Integral calculus analog to the difference quotient In differential calculus, everyone learns the classic limit definition of the derivative, also known as the difference quotient. Namely, $$f'(x)= \lim_{h\to0} \frac{f(x+h)-f(x)}{h}$$
My question is, is there an analog to the difference quotient in integral calculus?
I did some research and found this, which works for all $f :[a,b] \to \Bbb R$ (good enough for me): 
$$\int_{a}^{b}f(x)dx=\lim_{n\to{\infty}}\sum_{k=1}^{n}f\left(a+k\frac{b-a}{n}\right)\frac{b-a}{n}$$
However, to someone that has yet to learn how to tackle infinite sums as involved as these, this definition is far from ideal. 
Is there a "simple" formula like the difference quotient for finding either integrals (or antiderivatives)? By simple, I mean something in terms of the original function, like the difference quotient.
I understand that the integral is fundamentally different from the derivative as it is a sum, but the Riemann sum seems complicated at this point. Can this sum be reduced into a simpler "difference quotient like" general form? 
 A: We have the fundamental theorem of calculus:
$$\int_a^bf'(x)~\mathrm dx=f(b)-f(a)$$
but without this, one cannot simplify the Riemann sum in general, or else we wouldn't have a need for writing out the Riemann sum like so. You can find some explanations of this here.
Also take note that what you have is not an infinite sum, but a limit of finite sums, and what you've written isn't even the most general form of the Riemann sum:
$$\int_a^bf(x)~\mathrm dx=\lim_{\max\Delta x\to0}\sum_{i=1}^nf(x_i^\star)\Delta x_i$$
where $a=x_0<x_1<\dots<x_n=b$, $x_i^\star\in[x_{i-1},x_i]$, $\Delta x_i=x_i-x_{i-1}$, and $\max\Delta x$ is the maximum value of $\Delta x_i$. Written in this form, it should be simpler to see what the Riemann sum is. All we're doing is making a bunch of rectangular approximations, where $f(x_i^\star)\Delta x_i$ is the area of the $i$th rectangle, with base length $\Delta x_i$ and height $f(x_i^\star)$ for some value of $f$ on that interval.
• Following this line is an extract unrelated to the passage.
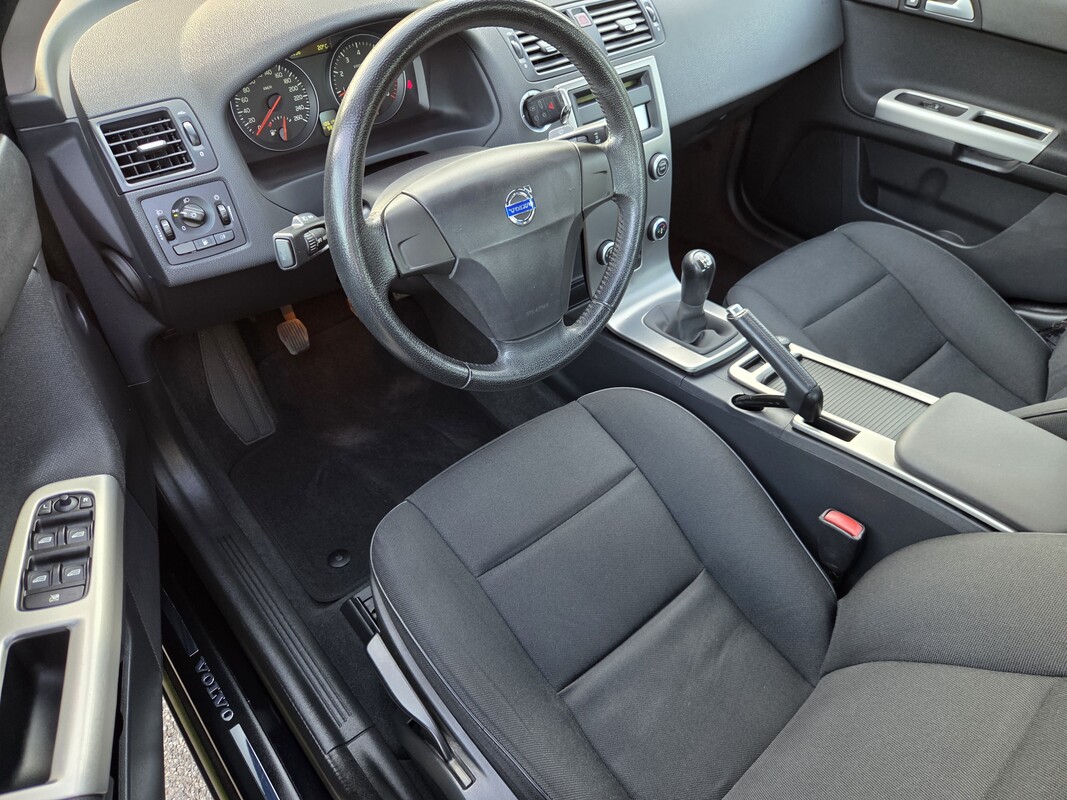 Elbląg Oferuję do sprzedaży Volvo S40 z 2007 roku – klasyczny sedan z niezawodnym silnikiem benzynowym 1.8 o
From this, we can see that what you've written is the specific case of $\Delta x_i=\frac{b-a}n$ and $x_i^\star=x_i$. Provided that the Riemann integral does in fact exist, one can use your provided form to calculate it. However there are cases when you cannot use the provided limit. Consider, for example, a function that is one value on rational numbers and another value on irrational numbers. According to your formula, we would only care about rational values if $a$ and $b$ are rational, which completely ignores a lot of the function! This is why the general form of the Riemann integral considers taking any value of $f$ over the intervals. A sufficient condition for being Riemann integrable is piecewise continuity though, which will be the case for most of the integrals you encounter.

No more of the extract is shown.